Mr. Morgenthau said the nation’s busiest and most prominent district attorney’s office has seen nearly 3.5 million cases in the 35 years he has led it. He prosecuted notables - such as John Gotti, Bernhard Goetz, Sean Combs and Boy George - and hired young lawyers such as John F. Kennedy Jr., Eliot Spitzer and Andrew Cuomo as assistant prosecutors.

State withdraws jaywalking ticket

DENVER | The Colorado State Patrol has withdrawn the $22 jaywalking ticket issued to a good Samaritan who was seriously injured by a pickup after he pushed three people out of its path.

Bus driver Jim Moffett, of Denver, and another man were helping two elderly women cross a busy Denver street in a snowstorm when he was hit Feb. 20. Mr. Moffett, 58, suffered bleeding in the brain, broken bones, a dislocated shoulder and a possible ruptured spleen. He remained hospitalized in serious condition Friday.

The State Patrol said in a statement that it withdrew the citation “after examining the … circumstances” and consulting with prosecutors. A patrol spokesman didn’t immediately return a call seeking comment.

The patrol also withdrew jaywalking citations against the other good Samaritan and one of the two women. The other woman wasn’t cited because troopers said she wasn’t directly involved. A citation against the pickup driver for careless driving resulting in injury still stands.

Last Guard troops leave New Orleans

NEW ORLEANS | The National Guard is pulling the last of its troops out of New Orleans this weekend, 3 1/2 years after Hurricane Katrina, leaving behind a city still desperate and dangerous.

Residents long distrustful of the city’s police force are worried they will have to fend for themselves.

“I don’t know if crime will go up after these guys leave. But I know a lot more of us will be packing our own pieces now to make sure we’re protected,” said Calvin Stewart, owner of a restaurant and store.

New Orleans Police Superintendent Warren Riley said his rebuilt police department is up to the job of protecting the city. “I think we’re ready to handle things,” he said.

The National Guardsmen were welcomed as liberators when they arrived in force in a big convoy more than four days after Katrina struck New Orleans in August 2005 and plunged the city into anarchy. The force was eventually 15,000 strong.

Their numbers dwindled as civil authority returned in the months after the storm. The troops had full arrest powers but were required to call New Orleans police on serious matters. In their time on the streets, Guard troops were involved in only one shooting, and the district attorney ruled it justified.

California declares water emergency

SACRAMENTO, Calif. | Gov.

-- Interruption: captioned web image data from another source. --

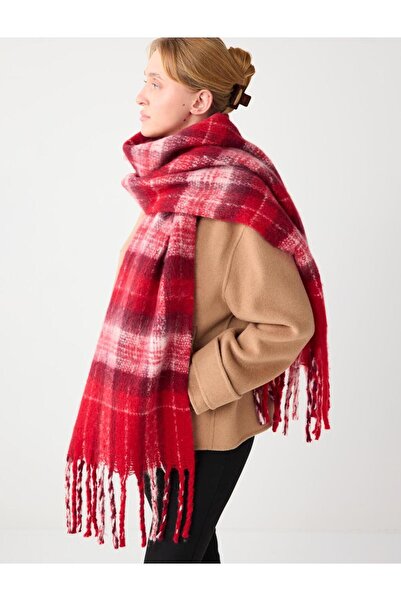 Jimmy Key Κόκκινο καρό κασκόλ με λεπτομέρεια με φούντα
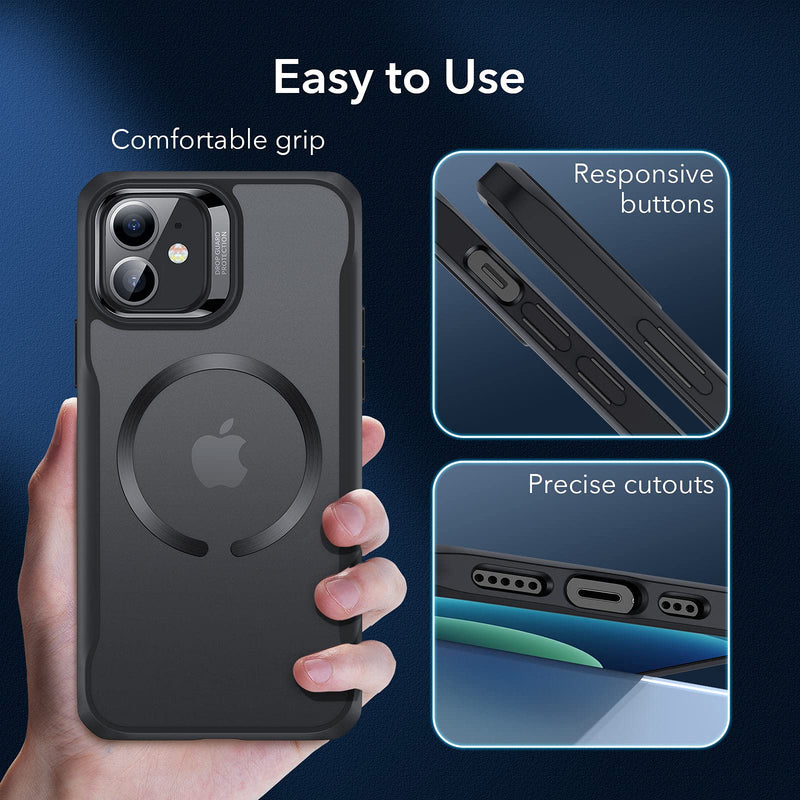 ESR Sidekick Hybrid Compatible with iPhone 12 Case/Compatible with iPhone 12 Pro Case (2020), with HaloLock Magnetic Wireless Charging, Scratch Resistant Back, Grippy Protective Frame, Frosted Black
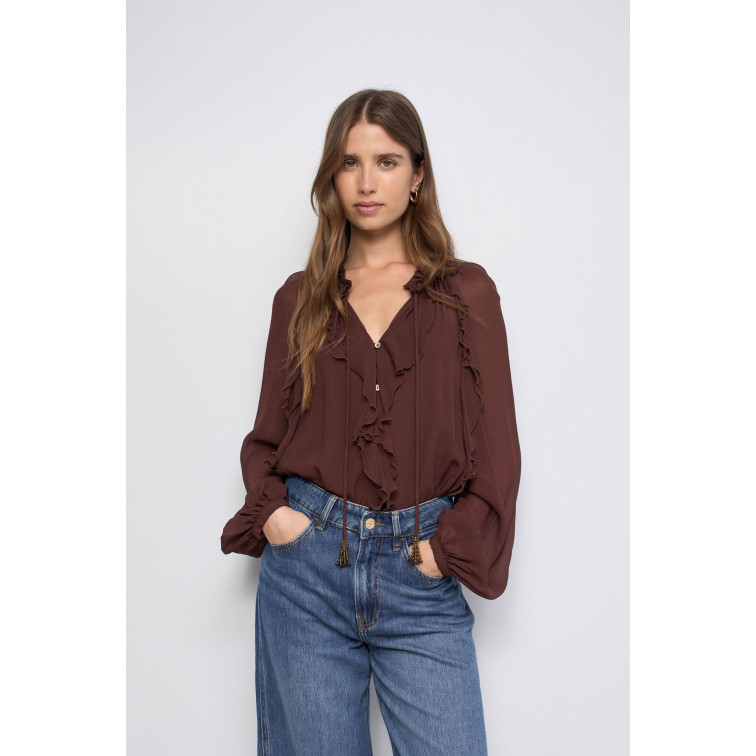 CAMISA MUJER  SALSA JEANS RUFFLE BLOUSE WITH INNER TOP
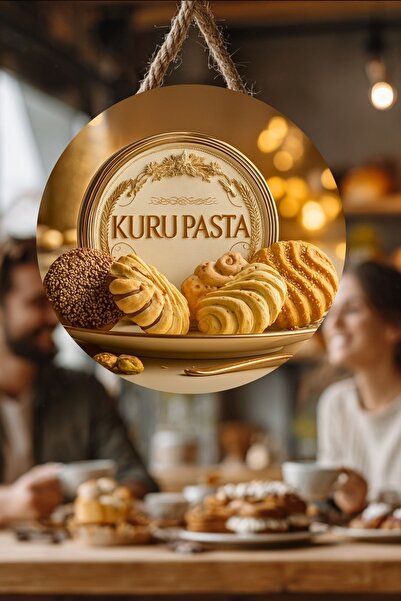 Nod Kuru Pasta Temalı İpli Ahşap Kapı Duvar Süsü, Pastane, Tatlı Dükkanı, Cafe Tablo Dekoru
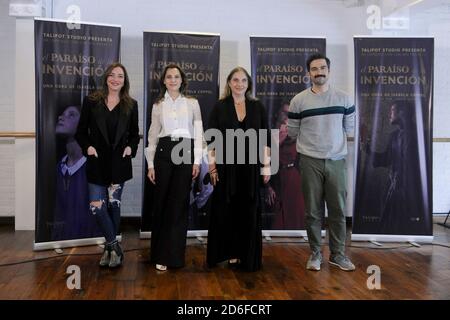 Mexico City, Mexico. 15th Oct, 2020. MEXICO CITY, MEXICO - October 15: (L-R) Regina Blandón, Marina de Tavira, Lorena Maza, Alfonso Herrera poses for photos during a Press conference to promote “El paraíso de la invención” at Theater Milan on October 15, 2020 in Mexico City, Mexico. Credit: Martin Gonzalez/Eyepix Group/The Photo Access Credit: The Photo Access/Alamy Live News Stock Photo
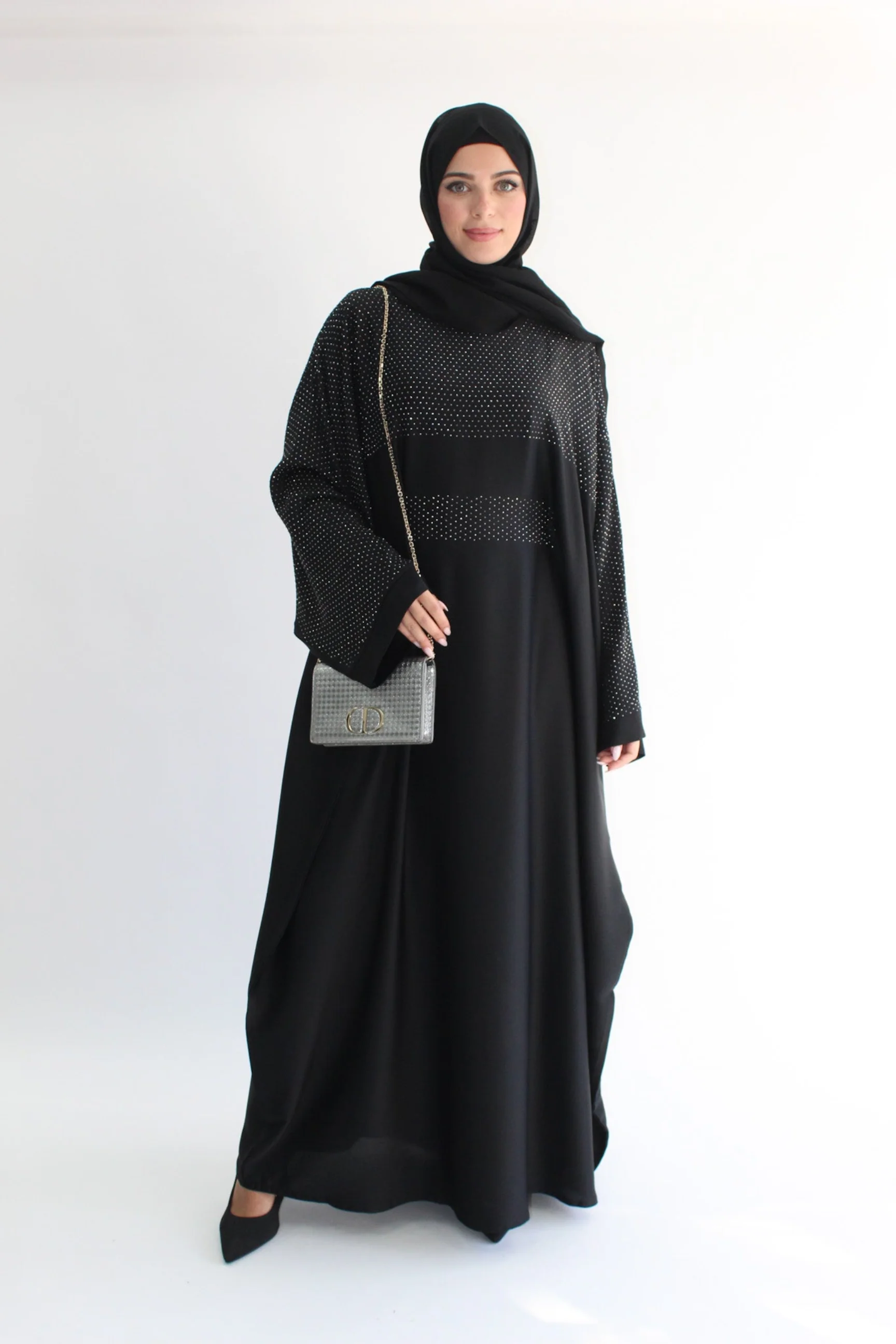 Black Closed Abaya – Ripple Satin Polyester Farasha Design with Embellishment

Arnold Schwarzenegger declared a state of emergency Friday because of three years of below-average rain and snowfall in California, a step that urges urban water agencies to reduce water use by 20 percent.

“This drought is having a devastating impact on our people, our communities, our economy and our environment, making today’s action absolutely necessary,” the Republican governor said in his statement.

Mandatory rationing is an option if the declaration and other measures are insufficient.

The drought has forced farmers to leave fields fallow, put thousands of agricultural workers out of work and led to conservation measures in cities throughout the state, which is the nation’s top agricultural producer.

Agriculture losses could reach $2.8 billion this year and cost 95,000 jobs, said Lester Snow, the state water director.

State agencies must now provide assistance for affected communities and businesses and the Department of Water Resources must protect supplies, all accompanied by a statewide conservation campaign.

32-year-old gorilla euthanized at zoo

FORT WORTH, Texas | A zoo in Texas has euthanized one of its three Western lowland gorillas because of declining health.

The Fort Worth Zoo said 32-year-old Kambula was euthanized Thursday because his health rapidly declined in recent weeks.

Zoo officials said the aging gorilla was recently diagnosed with abdominal abscesses and heart disease. They said the abscesses were removed, but Kambula’s heart continued to fail.

Zoo officials say most captive apes don’t live far beyond age 30. Kambula had been in Fort Worth since 1992.